69. Speaking of Gamblin's alizarin crimson and time, you can mix it yourself in several hours if you haven't done your color charts or in a minute or two if you have. . . or you could buy it pre-made in the tube and consider it a convenience (short-cut) color.

70. Convenience colors are colors like yellow ochre, sap green, some alizarins, various violets (not dioxazine; you can't mix that): you can mix them yourself if you know what you're doing, but only you can decide if it's a waste of your time. There's certainly something to be said for mixing, for instance, your yellow ochre out of the other pigments on the pallette you're using for that particular painting.

71. Don't make a convenience color a member of your family until you've run it by the rest of the family members.

72. As far as the theoretical primary colors go, the truest blue out of the tube is probably cobalt blue.

73. As far as the theoretical primary colors go, the truest red out of the tube is probably a napthol or perylene maybe.

74. There probably aren't any yellows out of a tube that are close to a true theoretical yellow. Oh, well. If you know of one, write me.

75. Try several paintings using just one warm color and one cool color, then bring a third color in as an accent at the very end of the painting.

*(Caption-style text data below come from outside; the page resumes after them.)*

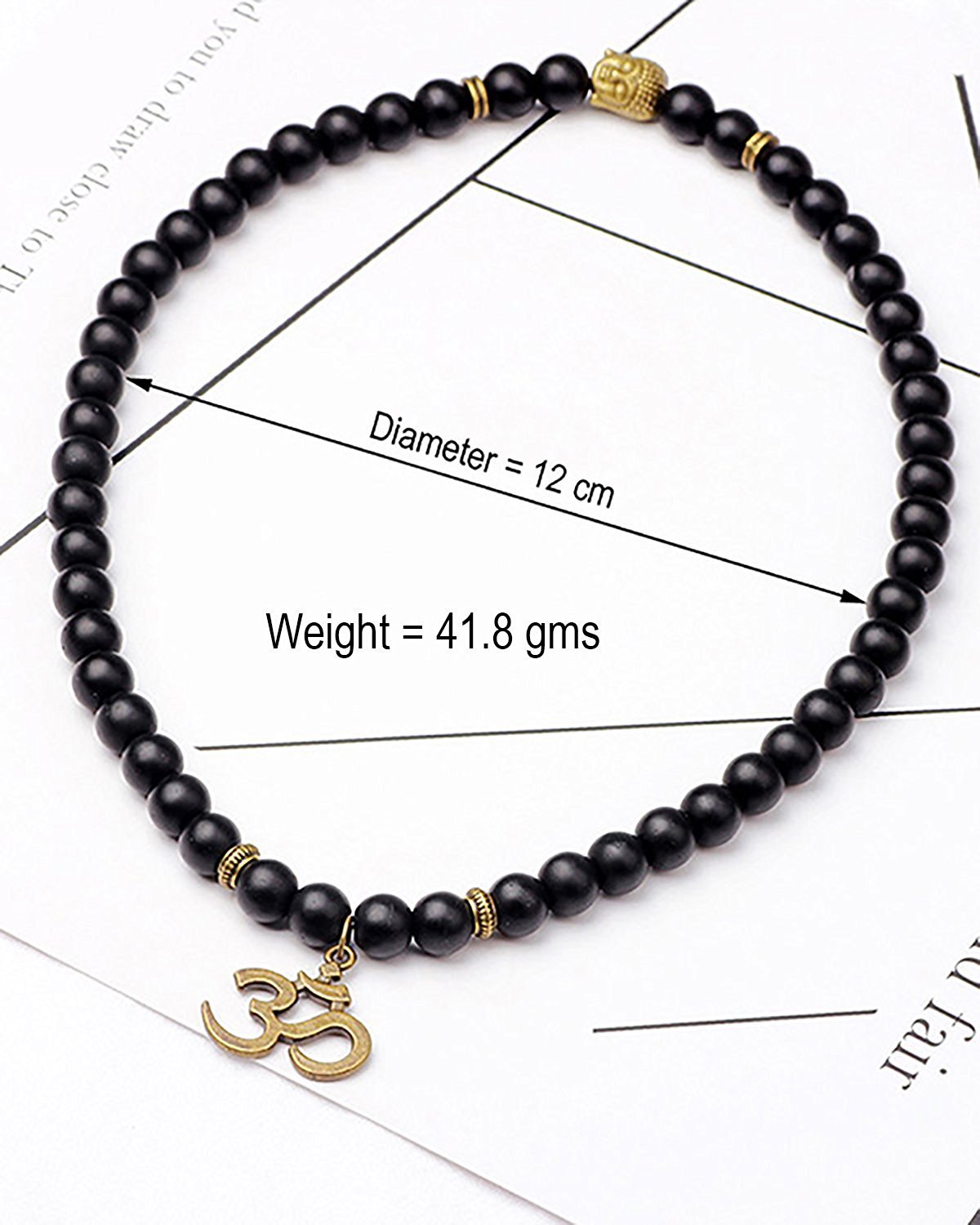 Shining Diva Fashion Yoga & Meditation Om Charm Buddha Reiki Beads Stylish Bracelet for Men Boys Women Girls Unisex (9377b)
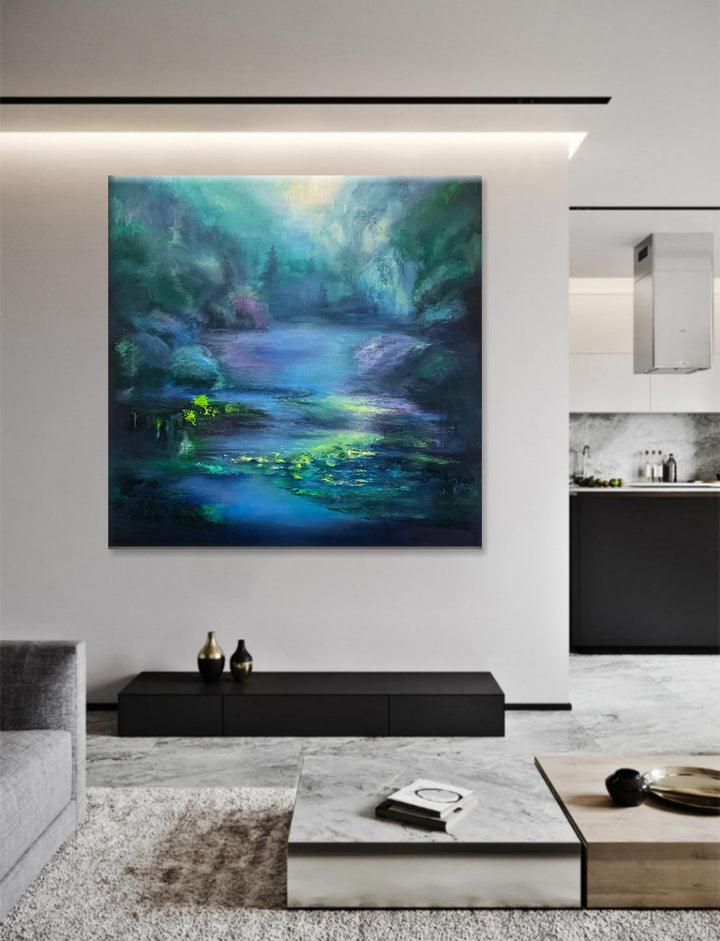 MIDNIGHT SERENITY 43.3"x43.3"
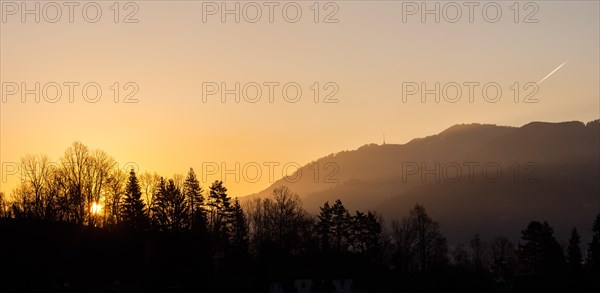 Sunrise over the Mugel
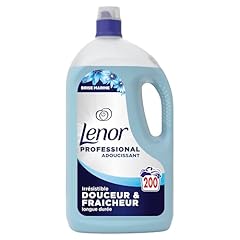 Lenor Professional Brezza Marina Potenziatore Per Vestiti/Ammorbidente Per Vestiti 200 Lavaggi, 4 l, Morbidezza E Freschezza Irresistibili Progettate Per Professionisti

76. Try several paintings thinking of nothing but warmer and cooler.

77. Don't fall for it when artists tell you they are simply duplicating the colors of the subject in front of them. That's the worst thing a teach can tell you about color and you can lose a lot of time on earth working under that assumption and not understanding why if it works for so-and-so it doesn't work for me. Well, it doesn't work for so-and-so. We can't duplicate nature's colors. If so-and-so is successful in the painting it will be because so-and-so is seeing the relationship of one color to another and adjusting accordingly to imitate the sense and feel of the colors in nature.

78. Don't fall for color formulas: for instance, the prevailing formula is that colors get cooler (bluer) as objects recede into the distance, yet a touch of pink warmth in that snow on the distant mountain peaks will create the illusion of distance far better than a cooler treatment.

79. Don't fall for color theories: analogous color schemes, complementary color schemes, split complementary, complementary pairs, triads, and so on are meaningless (and sometimes harmful) unless you know the members of your family very well.

80. On the other hand, if you've taken the time and care to know your family members well, you won't much need color formulas and theories; in fact, they may seem limiting after all.

81. Borrow a particularly-attractive color combination from another artist, either warm or cool, and use it in a few of your paintings. This may seem limiting, but you will find that it isn't.

82. Remember that what you find so powerfully attractive about the color in a particular painting has everything to do with the value, warmth, intensity, and proportions of various colors in the painting in relationship to each and one another...imitate those proportions/relationships.

83. You will do yourself an enormous favor if before starting a painting you decide whether the painting is meant to be a cool painting with some warm areas in it or a warm painting with some cool areas…then stick to it. I guess I already mentioned that, so it must be time to end this list!